#### Data in this exercise
※ ※ ※
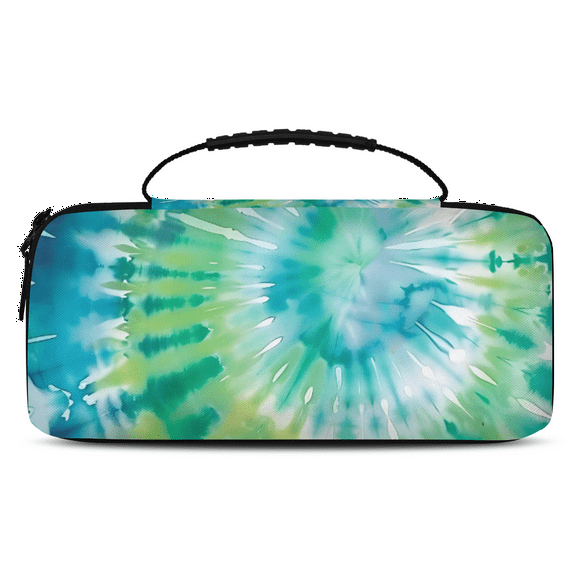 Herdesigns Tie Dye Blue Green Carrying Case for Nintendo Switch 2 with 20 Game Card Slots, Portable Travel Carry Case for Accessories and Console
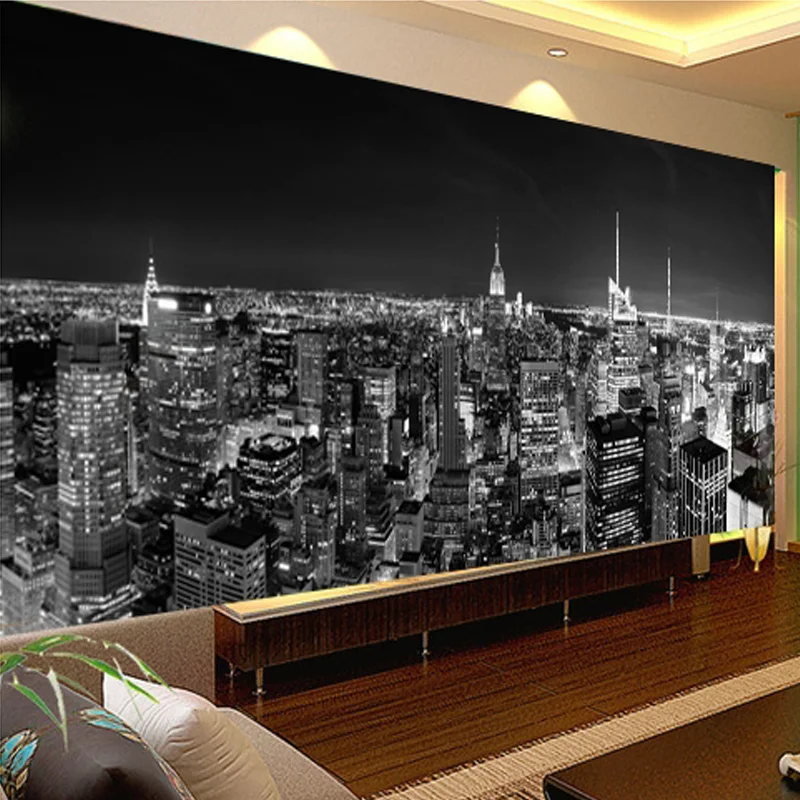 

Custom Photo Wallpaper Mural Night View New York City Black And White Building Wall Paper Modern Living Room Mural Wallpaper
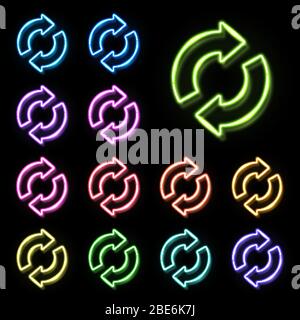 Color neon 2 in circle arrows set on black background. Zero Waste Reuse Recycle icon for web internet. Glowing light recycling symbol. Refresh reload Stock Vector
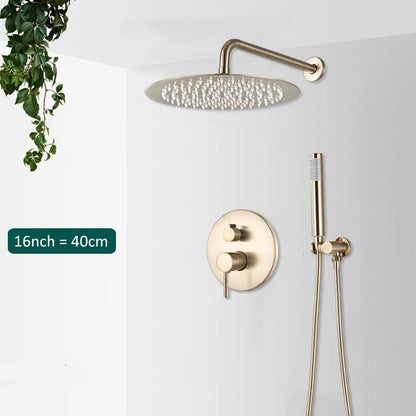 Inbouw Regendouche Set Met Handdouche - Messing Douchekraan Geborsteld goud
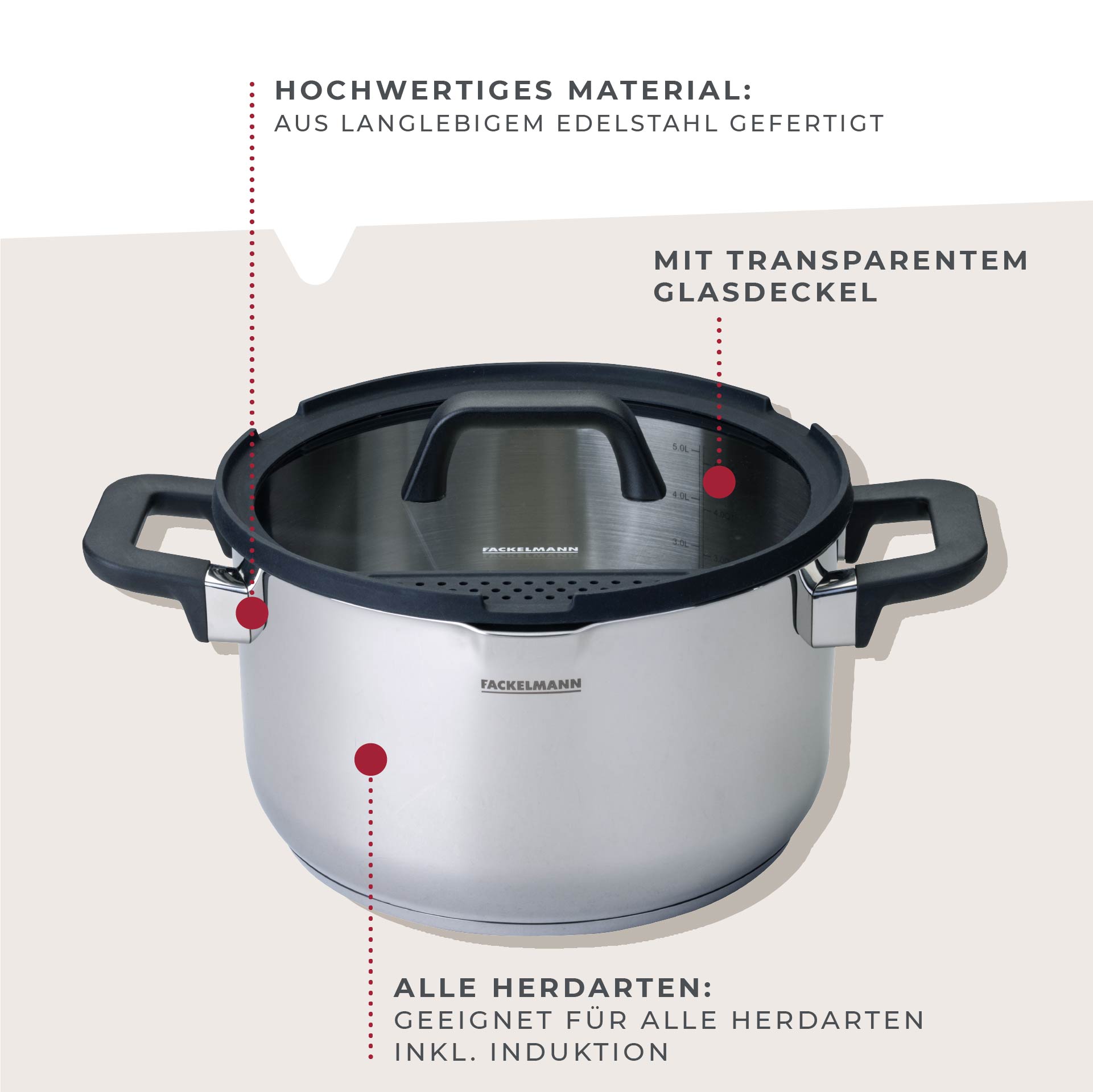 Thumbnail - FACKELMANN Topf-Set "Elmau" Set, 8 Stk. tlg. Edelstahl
※ ※ ※
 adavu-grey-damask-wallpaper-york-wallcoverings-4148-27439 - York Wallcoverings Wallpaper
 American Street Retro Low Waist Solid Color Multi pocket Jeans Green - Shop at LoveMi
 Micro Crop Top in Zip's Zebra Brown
※ ※ ※
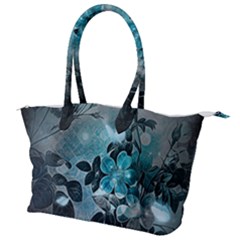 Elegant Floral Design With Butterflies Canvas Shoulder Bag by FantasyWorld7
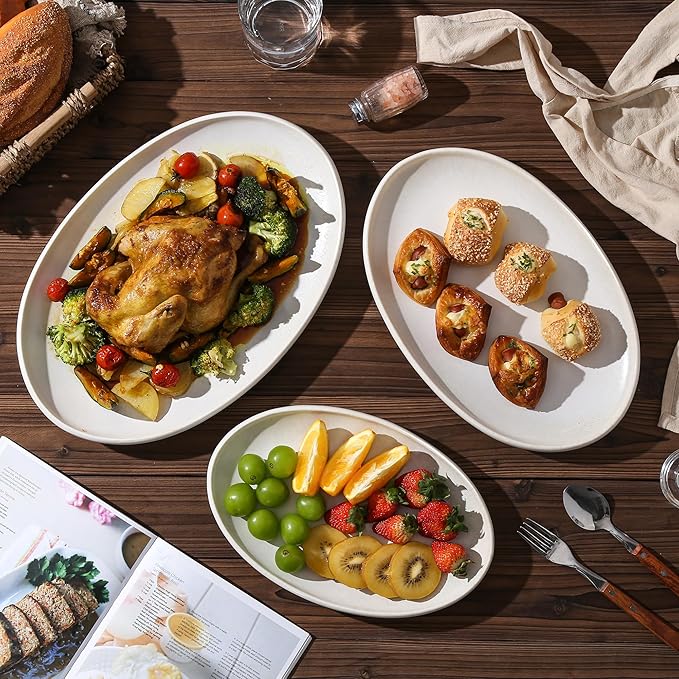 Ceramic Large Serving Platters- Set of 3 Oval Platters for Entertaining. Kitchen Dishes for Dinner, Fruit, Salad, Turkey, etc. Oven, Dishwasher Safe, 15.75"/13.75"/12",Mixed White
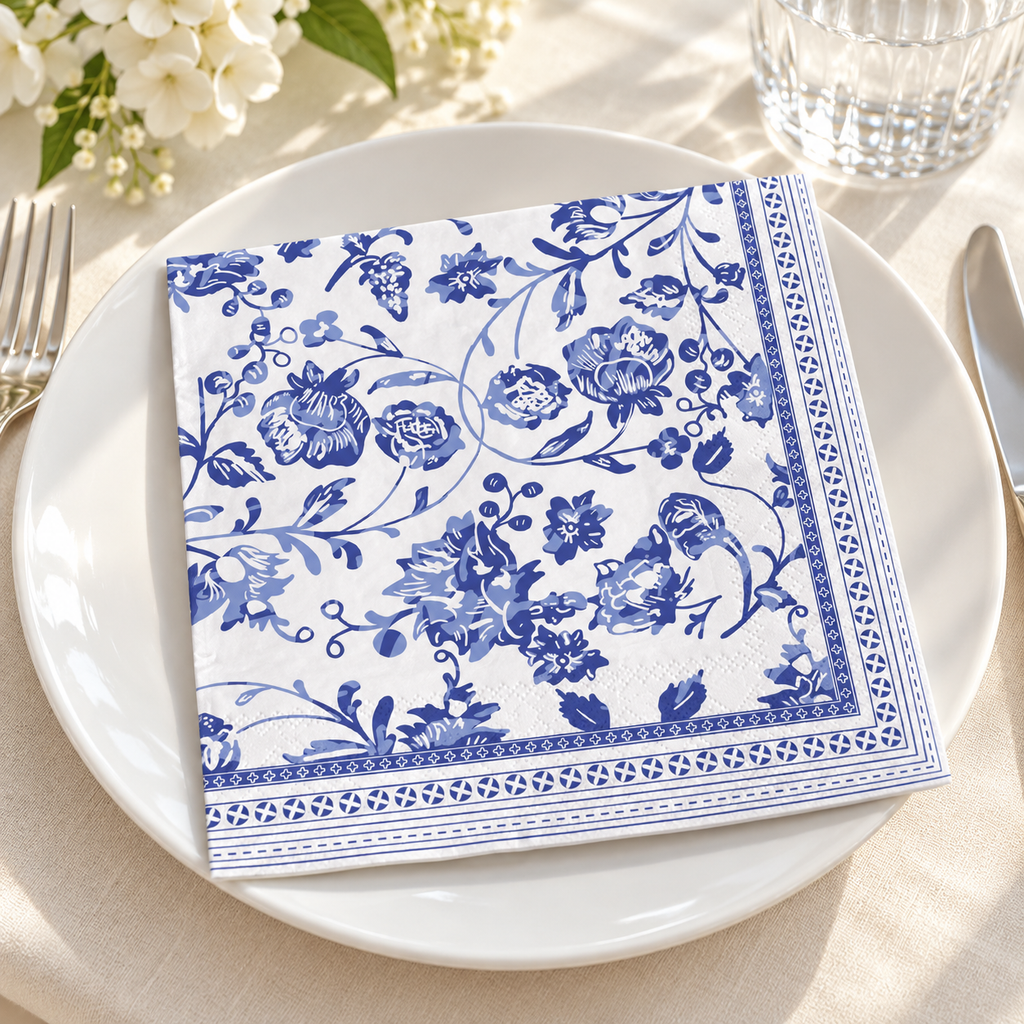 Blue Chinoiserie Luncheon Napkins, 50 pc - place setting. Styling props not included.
※ ※ ※
#### Work item
Show the lines of the records that contain the word "Wallpaper".

#### Result of the exercise
Custom Photo Wallpaper Mural Night View New York City Black And White Building Wall Paper Modern Living Room Mural Wallpaper
 adavu-grey-damask-wallpaper-york-wallcoverings-4148-27439 - York Wallcoverings Wallpaper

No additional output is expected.